[Task]:
The task calls for the lines below from the line with "Image 5 of 44 For 1111 Gulfstream Avenue 16c" to the line with "BMW X1, АТ, 2011 фото 10", both ends included, copied exactly, without any pictures.

[Dataset content]:
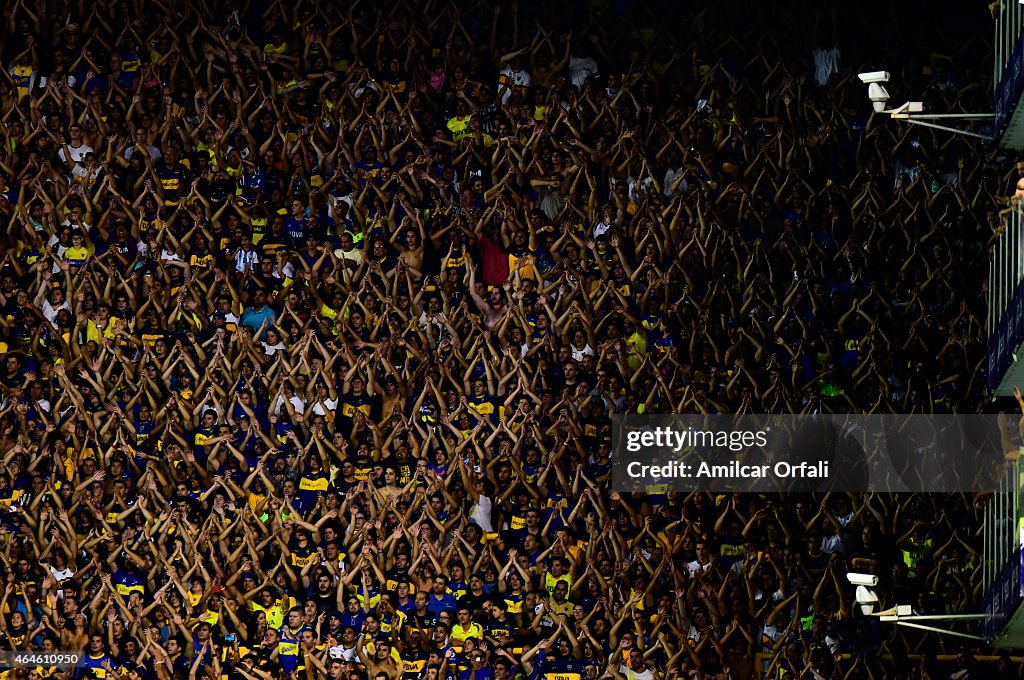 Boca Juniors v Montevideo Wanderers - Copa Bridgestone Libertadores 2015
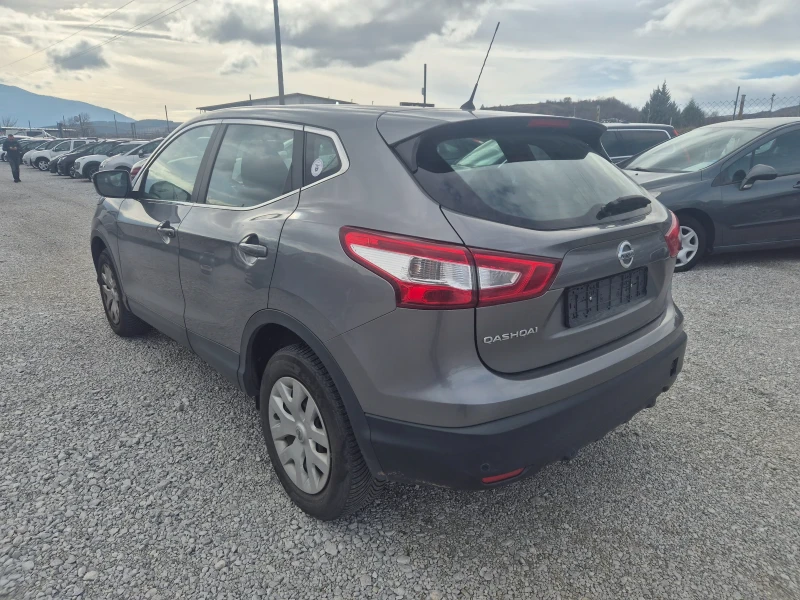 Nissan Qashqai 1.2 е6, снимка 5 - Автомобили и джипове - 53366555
==
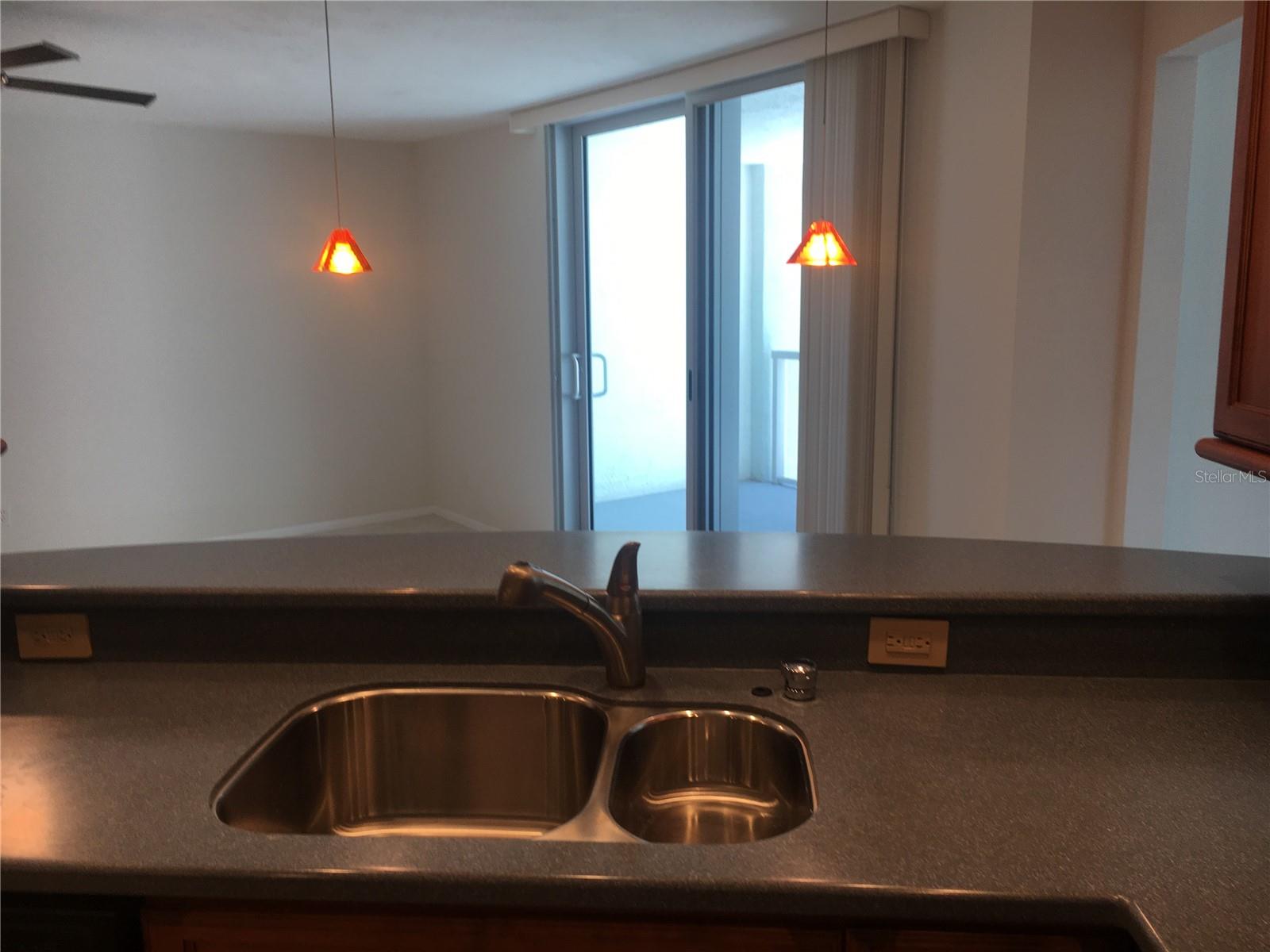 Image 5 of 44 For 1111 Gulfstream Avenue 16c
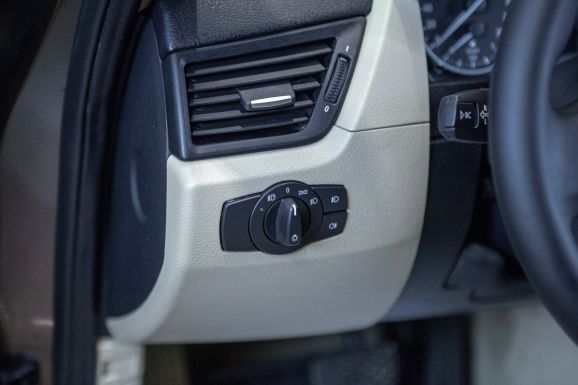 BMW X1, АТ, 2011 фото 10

[Solution to the exercise]:
 Image 5 of 44 For 1111 Gulfstream Avenue 16c
 BMW X1, АТ, 2011 фото 10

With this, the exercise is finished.